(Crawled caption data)
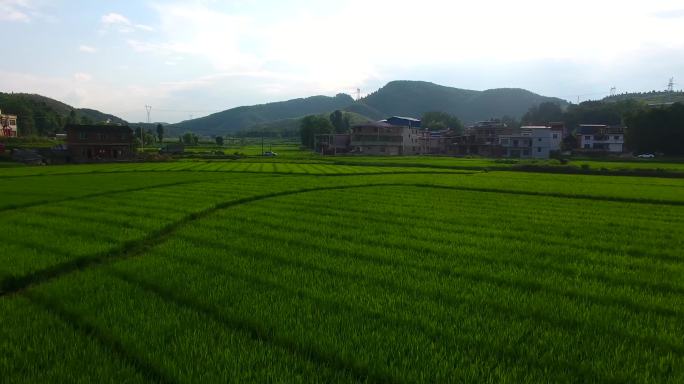 杂稻制种基地航拍素材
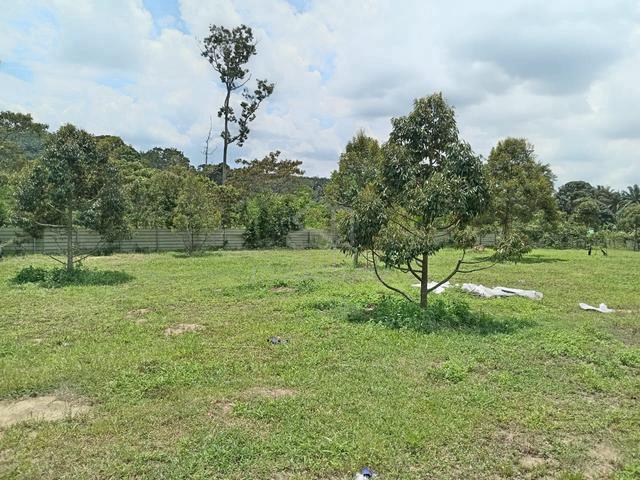 Tanah kebun Rezab Melayu 4.2 ekar tepi jalan utama area Tampin 5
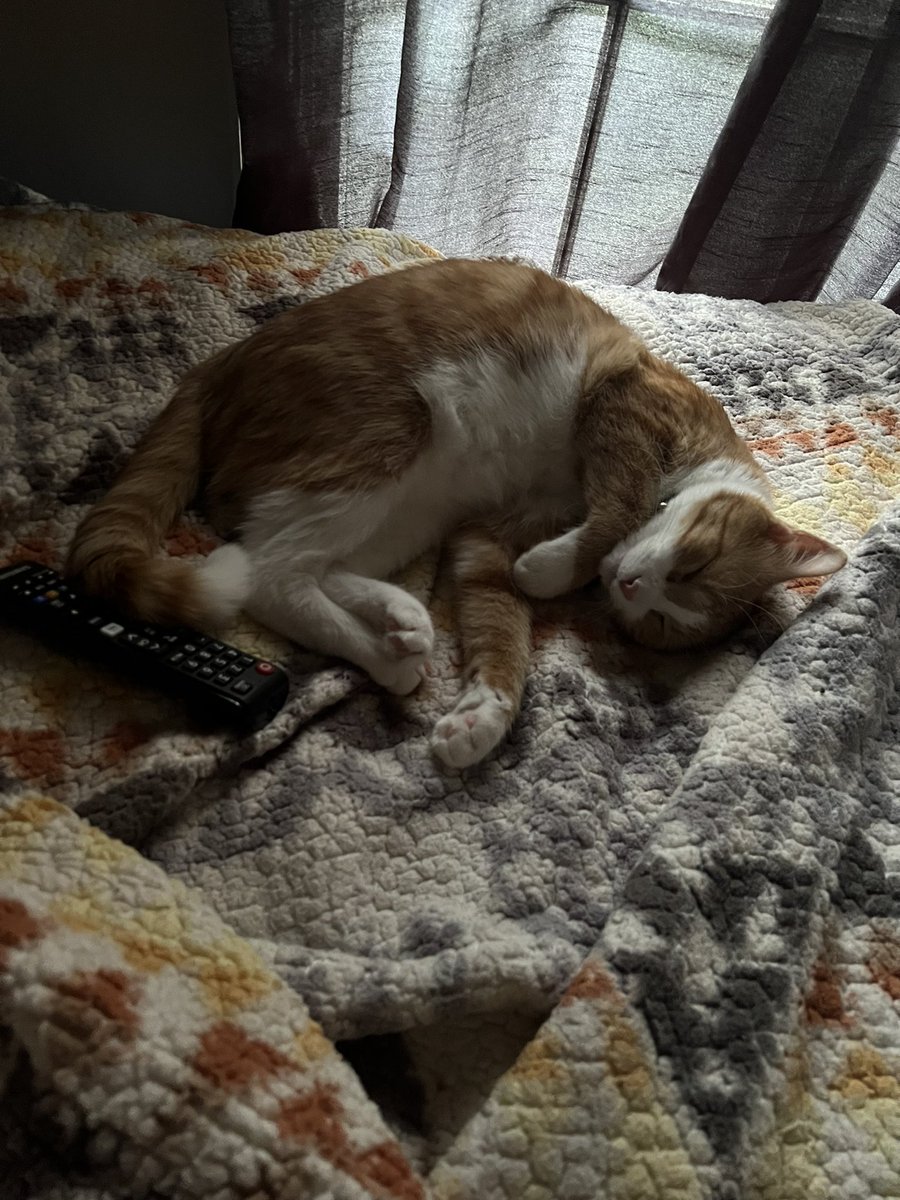 Fu kikkkkkk I’m tired I want to be gato just meow and sleepy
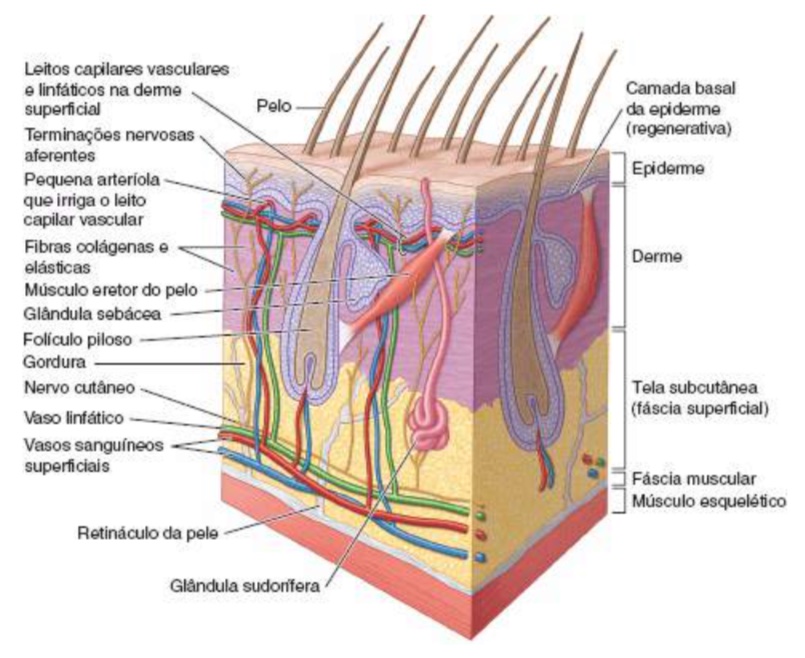 As várias camadas da pele e outras estruturas (MOORE, DALEY e AGUR, 2014).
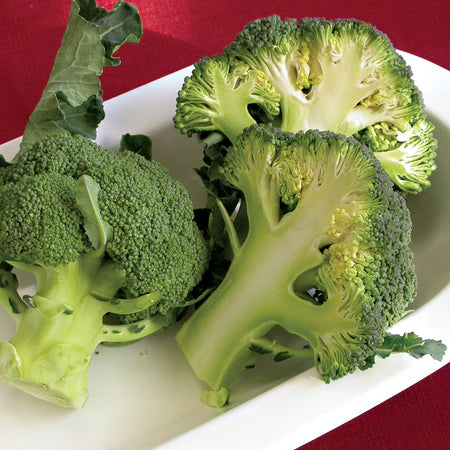 BROCCOLI 'Fiesta'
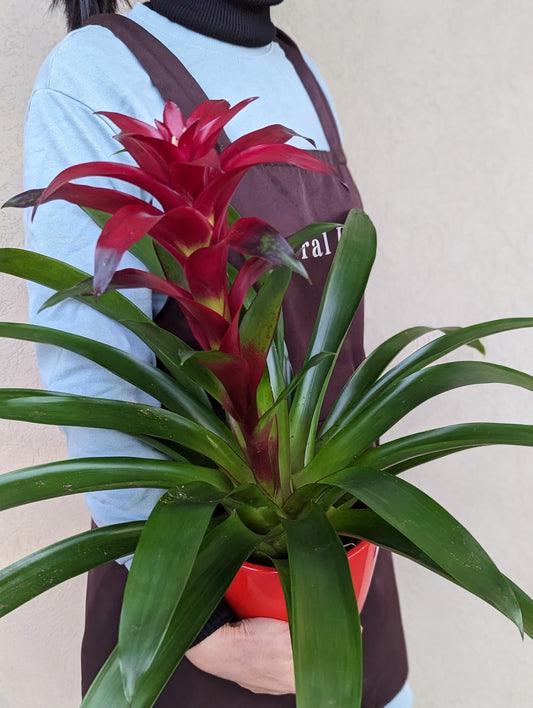 Bromelia Red 6'' 鸿运当头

TASK DETAILS:
In the data, the line that contains "Fu kikkkkkk I’m" begins the part to write out; restate it and each line after it word for word through the end, with no pictures.

SOLUTION TO THE EXERCISE:
 Fu kikkkkkk I’m tired I want to be gato just meow and sleepy
 As várias camadas da pele e outras estruturas (MOORE, DALEY e AGUR, 2014).
 BROCCOLI 'Fiesta'
 Bromelia Red 6'' 鸿运当头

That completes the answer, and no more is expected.